In 1930, during the Central Plains War, Gao Shuxun fought with Chiang Kai-shek. After the defeat, Gao Shuxun surrendered to Chiang Kai-shek and was appointed the 27th Division Commander of the 26th Route Army. In 1931, in the third encirclement of the Chinese Workers' and Peasants' Red Army in Jiangxi Province, he suddenly left the army and fled to Tianjin. Later, Gao Shuxun secretly contacted the Communist Party of China. In 1933, Gao Shuxun joined Feng Yuxiang to organize the Chahar People's Anti-Japanese Allied Army in Chahar and served as the second commander of the Chahar People's Anti-Japanese Allied Army.
In 1937, after the outbreak of the Second Sino-Japanese War, Gao Shuxun served as the director of the Hebei Provincial Security Department and the general commander of the Hebei Guerrilla. In February 1939, he served as a member of the Chahar provincial government. In December 1940, due to Shi Yousan's attempt to surrender to Japan, Gao Shuxun arrested him and buried him alive by Chiang Kai-shek's secret order. In January 1941, he was promoted to deputy commander-in-chief of the 39th Army. In May of the same year, he also served as the commander of the new 8th Army. Since then, he has served as commander-in-chief of the 39th Army Group, commander-in-chief of the Jicha Theater, and deputy commander of the 11th Theater.

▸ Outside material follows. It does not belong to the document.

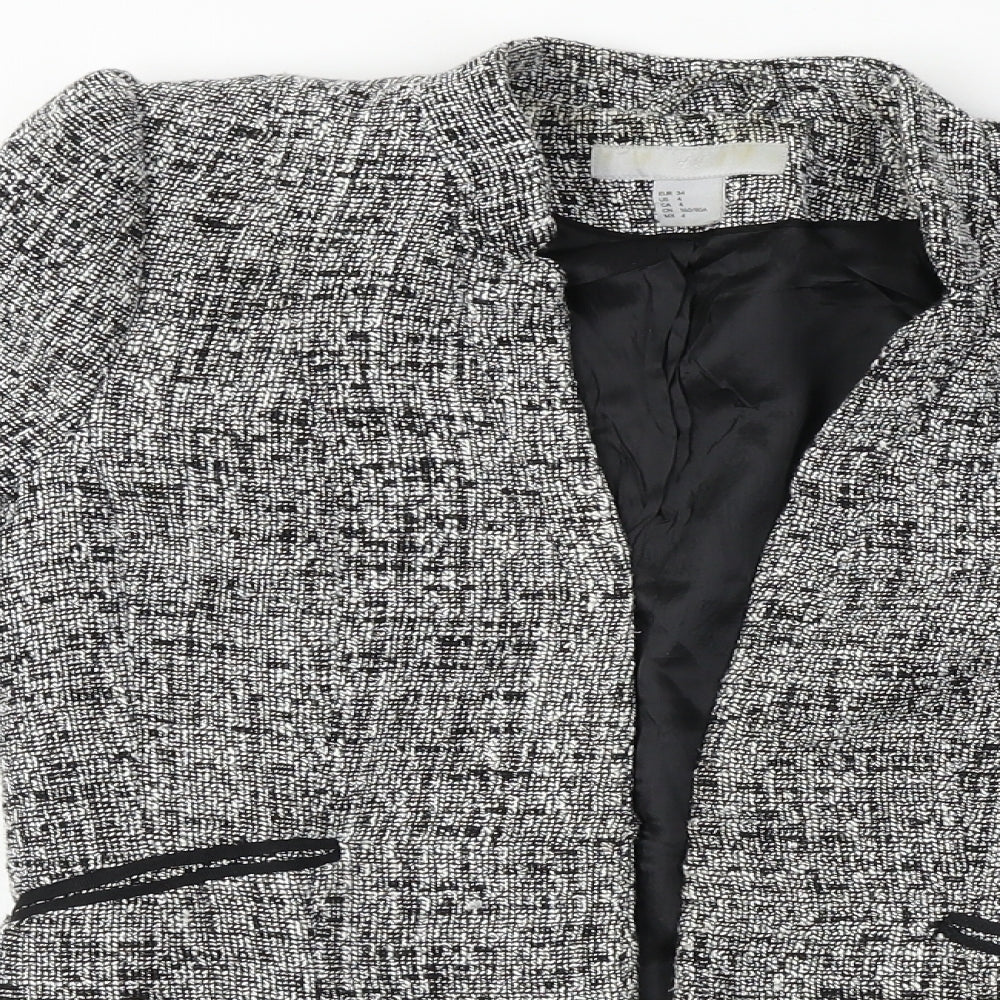 H&M  Womens Grey   Jacket Blazer Size 4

After the end of the War of Resistance Against Japan, on October 30, 1945, during the Battle of Handan, Gao Shuxun led the newly formed Eighth Army and the Hebei Civilian Army. The Central Committee of the Communist Party of China praised this. Soon Mao Zedong also launched the "Gao Shuxun Movement" to promote the Kuomintang army uprising, surrender, and accept the adaptation. On November 10, 1945, Gao Shuxun’s Democratic Founding Army was established. Gao Shuxun was appointed as the commander-in-chief of the Democratic Founding Army, Wang Dingnan was the director of the General Political Department, Fan Longzhang was the first army commander, and Qiao Mingli was the second army commander. On November 13, 1945, with the approval of the CPC Central Committee Secretariat, introduced by Deng Xiaoping and Bo Yibo, Gao Shuxun officially joined the Communist Party of China.
After the establishment of the Democratic National Founding Army, the Jinji Luyu Military Region sent a batch of political work cadres to the Democratic National Founding Army to carry out political work, but these cadres were not happy with the general of the Democratic National Founding Army. On June 14, 1947, the so-called "conspiracy riots" of the Democratic People's Republic of China were reported. On June 15, 1947, Gao Shuxun was arrested and examined for the "conspiracy uprising" of the Democratic Founding Army, and the designation of the Democratic Founding Army was revoked. One year after the review, no evidence was found, and Gao Shuxun was appointed deputy commander of the North China Military Region. Later, after the Third Plenary Session of the Eleventh Central Committee of the Communist Party of China, the injustice of the so-called "conspiracy riot" by the Democratic People's Founding Army was finally vindicated.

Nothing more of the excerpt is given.